Two different descriptions about Bob Pammett's home
Tuesday, July 24, 2012
Bob Pammett’s house on McNamara Rd. is nothing more than a family home on the shore of the Otonabee River, one that’s often under renovation and home to several pets.
That’s according to his lawyer, Ravin Pillay.
Crown attorney Brendan Gluckman disagrees. He claims the “home” was actually a poorly designed and barely-maintained fortified drug compound, a place where Pammett hoped to avoid police detection while dealing cocaine.
Pammett was arrested in March 2008 following a lengthy investigation involving an undercover police agent. He pleaded guilty to several drug-related charges and was released from jail in March 2010.
The Crown wants to seize the home under federal forfeiture laws on the grounds that it was part of Pammett’s criminal enterprise as a cocaine dealer.
The Crown has valued the property at about $175,000, citing its poor condition and a City of Peterborough property standards order that states it’s unfit for habitation.
Pammett and his lawyer have argued that it’s worth close to $750,000. Pammett testified in March that police destroyed the house during their search and have kept it in poor repair ever since.
Tuesday marked the forfeiture hearing’s closing arguments.

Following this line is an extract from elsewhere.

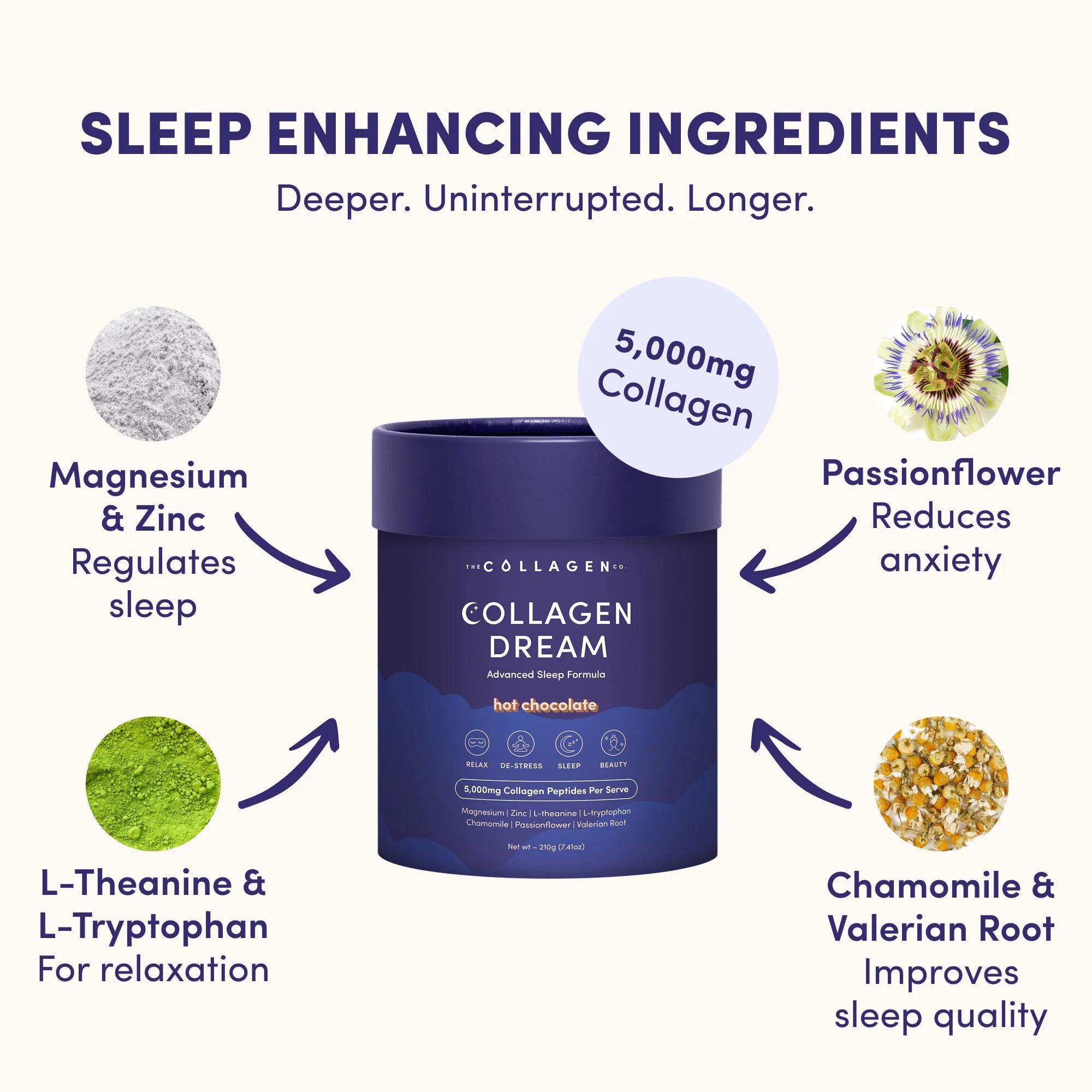 Collagen Dream Advanced Sleep Formula Hot Chocolate - 210g - Image 4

Mr. Justice Michael Brown said he would likely issue his decision in the fall.
Gluckman took a deep dive into Pammett’s criminal past as he addressed the court, citing a history of drug dealing and involvement with the Bandidos biker gang.
On three separate occasions an undercover police agent was summoned to the McNamara Rd. home to pick up his supply, a product Pammett himself described as “Grade A cocaine,” Gluckman said. The agent ended up buying a total of 15 ounces of cocaine from Pammett during the investigation.
Pammett, a former member of the Bandidos biker gang, told the agent he hoped to revive the club and bring the Bandidos back into Ontario. The Bandidos presence in the province effectively ended in 2006 after eight of its nine members were executed at a farmhouse outside of London.
Pammett’s statements were caught on tape, Gluckman said, along with his description of himself as a long-time commercial drug trafficker.
The home at the south edge of the city supported those claims, Gluckman said. He described it as surrounded by a chain link fence and steel gates, with guard dogs on patrol and surveillance cameras mounted throughout the property.
Most of the windows were boarded up, Gluckman said, and steel bars reinforced the doors. Every adult in the house, including Pammett’s wife and two grown children, were involved in dealing drugs, he said.
If strong evidence of criminal enterprise and organized crime isn’t enough for the court than the home’s condition should be taken into account, Gluckman argued.
It is built on a flood plain with shoddy workmanship and materials, he said, and has a waterlogged septic system and water pooling in the basement.
Pillay argued that seizing Pammett’s house would be a punishment that far outweighed his client’s crimes.
The law allowing courts to seize a home was designed to be used in rare and very serious cases, he said. There was no evidence to suggest that the home was anything other than a family residence, he said, let alone a fortified drug compound.
He said the Crown’s claim that the house was barely liveable is hampered by the fact that no one itemized any damage when police seized it in 2008. The order declaring it unfit for habitation was issued in April 2010, Pillay said, two years after it had been in the care of a property maintenance company hired by the federal government.
No one knows what damage existed when Pammett lived there, what police caused and what has happened since the government took over, he said.
Pillay said a regular chain-link fence surrounds the property, a common feature at many homes, and there is almost 700 feet of unprotected shoreline on the riverbank.
“This was not, by any stretch of the imagination, a secure perimeter,” he said.
There was no evidence that Pammett’s dogs were anything other than family pets, Pillay said. Police and visitors never expressed any concerns about their behaviour.
A few cameras and monitors are a far cry from the Crown’s description of a sophisticated surveillance system, he said.
Police also failed to turn up any evidence of drugs coming into the house, Pillay said. Thirty ounces of cocaine hidden in one of the walls was simply stashed there, he said, a marked difference from a home hosting a sophisticated growing operation or drug lab.
The Crown doesn’t have a shred of evidence tying Pammett to organized crime, he said, arguing that it has relied Pammett’s boasts, caught on tape but made to impress the police agent.